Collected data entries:
========================

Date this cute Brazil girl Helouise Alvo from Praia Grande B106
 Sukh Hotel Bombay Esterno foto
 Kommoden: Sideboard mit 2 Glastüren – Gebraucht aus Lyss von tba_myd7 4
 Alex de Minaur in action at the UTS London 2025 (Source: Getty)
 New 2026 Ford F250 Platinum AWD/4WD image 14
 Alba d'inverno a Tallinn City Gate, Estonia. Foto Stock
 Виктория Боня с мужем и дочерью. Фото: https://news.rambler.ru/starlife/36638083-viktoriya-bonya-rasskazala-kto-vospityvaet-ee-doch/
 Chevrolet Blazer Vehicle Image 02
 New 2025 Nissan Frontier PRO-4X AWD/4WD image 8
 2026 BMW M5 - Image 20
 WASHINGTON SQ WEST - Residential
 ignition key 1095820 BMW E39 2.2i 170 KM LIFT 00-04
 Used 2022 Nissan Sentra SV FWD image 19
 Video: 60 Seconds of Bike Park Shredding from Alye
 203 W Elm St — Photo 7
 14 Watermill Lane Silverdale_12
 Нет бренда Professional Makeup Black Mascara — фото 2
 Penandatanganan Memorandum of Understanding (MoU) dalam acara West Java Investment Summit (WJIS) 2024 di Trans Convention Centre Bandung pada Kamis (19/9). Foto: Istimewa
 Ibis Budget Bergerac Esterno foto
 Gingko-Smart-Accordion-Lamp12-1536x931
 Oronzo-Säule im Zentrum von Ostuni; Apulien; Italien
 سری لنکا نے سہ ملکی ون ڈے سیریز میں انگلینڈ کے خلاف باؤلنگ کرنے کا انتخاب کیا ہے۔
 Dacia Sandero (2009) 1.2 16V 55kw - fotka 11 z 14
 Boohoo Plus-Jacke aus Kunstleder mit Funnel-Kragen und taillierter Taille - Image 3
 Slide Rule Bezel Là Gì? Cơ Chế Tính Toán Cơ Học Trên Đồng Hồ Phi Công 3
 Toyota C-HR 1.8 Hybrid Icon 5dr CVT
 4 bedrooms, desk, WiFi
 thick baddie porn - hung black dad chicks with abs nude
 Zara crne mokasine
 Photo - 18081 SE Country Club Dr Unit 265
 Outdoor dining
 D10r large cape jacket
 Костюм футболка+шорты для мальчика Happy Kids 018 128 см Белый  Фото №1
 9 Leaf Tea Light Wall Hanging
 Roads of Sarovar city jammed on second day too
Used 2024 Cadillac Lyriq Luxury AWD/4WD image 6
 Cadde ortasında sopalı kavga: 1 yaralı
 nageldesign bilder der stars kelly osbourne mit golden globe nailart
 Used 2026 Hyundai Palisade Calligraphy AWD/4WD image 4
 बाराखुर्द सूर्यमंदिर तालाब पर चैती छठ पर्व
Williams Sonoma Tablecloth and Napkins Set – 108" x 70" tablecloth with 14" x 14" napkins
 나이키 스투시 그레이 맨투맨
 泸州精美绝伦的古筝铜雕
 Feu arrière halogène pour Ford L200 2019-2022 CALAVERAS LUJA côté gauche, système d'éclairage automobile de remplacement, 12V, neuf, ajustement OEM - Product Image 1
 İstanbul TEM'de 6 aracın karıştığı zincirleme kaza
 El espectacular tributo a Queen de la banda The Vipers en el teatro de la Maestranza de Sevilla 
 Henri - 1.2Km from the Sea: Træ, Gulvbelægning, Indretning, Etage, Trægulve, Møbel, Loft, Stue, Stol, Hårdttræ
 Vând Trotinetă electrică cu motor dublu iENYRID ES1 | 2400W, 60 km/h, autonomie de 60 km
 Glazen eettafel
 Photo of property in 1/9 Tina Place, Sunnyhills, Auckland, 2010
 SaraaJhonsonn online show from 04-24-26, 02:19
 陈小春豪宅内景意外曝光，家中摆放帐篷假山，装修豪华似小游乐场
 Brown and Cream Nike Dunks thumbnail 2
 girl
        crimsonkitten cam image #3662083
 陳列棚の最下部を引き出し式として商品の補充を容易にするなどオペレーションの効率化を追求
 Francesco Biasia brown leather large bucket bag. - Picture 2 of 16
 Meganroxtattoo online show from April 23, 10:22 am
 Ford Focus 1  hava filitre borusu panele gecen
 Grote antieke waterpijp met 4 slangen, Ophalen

========================

Looking at the entries above, can you reproduce exactly the lines from the one that holds "Нет бренда Professional" through the one that holds "Photo - 18081 SE Country Club Dr Unit 265", and only those?

Completed task:
 Нет бренда Professional Makeup Black Mascara — фото 2
 Penandatanganan Memorandum of Understanding (MoU) dalam acara West Java Investment Summit (WJIS) 2024 di Trans Convention Centre Bandung pada Kamis (19/9). Foto: Istimewa
 Ibis Budget Bergerac Esterno foto
 Gingko-Smart-Accordion-Lamp12-1536x931
 Oronzo-Säule im Zentrum von Ostuni; Apulien; Italien
 سری لنکا نے سہ ملکی ون ڈے سیریز میں انگلینڈ کے خلاف باؤلنگ کرنے کا انتخاب کیا ہے۔
 Dacia Sandero (2009) 1.2 16V 55kw - fotka 11 z 14
 Boohoo Plus-Jacke aus Kunstleder mit Funnel-Kragen und taillierter Taille - Image 3
 Slide Rule Bezel Là Gì? Cơ Chế Tính Toán Cơ Học Trên Đồng Hồ Phi Công 3
 Toyota C-HR 1.8 Hybrid Icon 5dr CVT
 4 bedrooms, desk, WiFi
 thick baddie porn - hung black dad chicks with abs nude
 Zara crne mokasine
 Photo - 18081 SE Country Club Dr Unit 265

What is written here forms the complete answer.